Webratは2025年初頭に初めて確認され、一般ユーザーへと網を広げた。当初、攻撃者はマルウェアを「Rust、Counter-Strike、Robloxといった人気ゲームのチート」や、「クラック版ソフト」の形で隠していた。しかし9月以降、より技術的な獲物を狙うために戦術を変更した。
この作戦を実行するため、攻撃者は悪意あるGitHubリポジトリを作成し、CVSSスコアの高い脆弱性向けの偽エクスプロイトを多数配置した。例として、CVE-2025-59295(CVSS 8.8)、CVE-2025-10294(CVSS 9.8)、そしてCVE-2025-59230(CVSS 7.8)が挙げられる。
洗練された餌にもかかわらず、マルウェア自体は変わらない。基本的なバックドアである。攻撃の成功は、被害者が未検証のコードを実行する意思を持つかどうかに完全に依存している。
「これらの攻撃は、基本的なセキュリティ手順を回避して、エクスプロイトを自分のコンピュータ上で直接実行したがるユーザーを明確に狙っている」と、レポートは結論づけている。
セキュリティの専門家は研究者に対し、新しいエクスプロイトは常に隔離された仮想環境で解析し、絶対的な確信がない限りアンチウイルスソフトに除外ルールを追加しないよう推奨している。
このキャンペーンの強みは、平凡で、ほとんど拍子抜けするほどのマルウェアそのものにあるのではない。

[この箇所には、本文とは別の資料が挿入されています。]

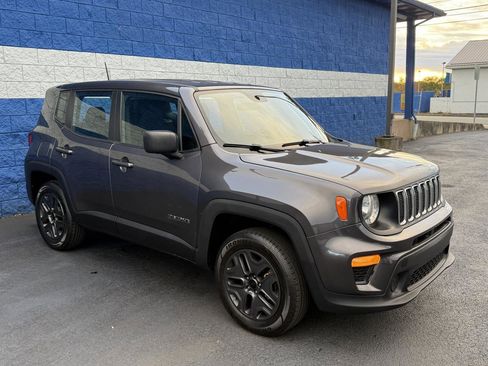 Used 2019 Jeep Renegade Sport image 3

強みは文脈にある。重大な脆弱性が交換価値を持つ通貨となり、取り残される不安が基本的な手順を飛ばさせるようになった、この歴史的な瞬間に。
Webratは、拙速な実行、隔離されていないマシン、そして「ほんの一瞬だけ」無効化されたアンチウイルスの上で繁殖する。これは扉をこじ開ける攻撃ではない。すでに開いている扉を見つける攻撃だ。熟練のプロは欺瞞を見抜く一方で、本当の被害者は学びの途上にいる人、胆力を能力と取り違える人である。学習と軽率さの間にある脆い空間で、バックドアは音も立てずに入り込む。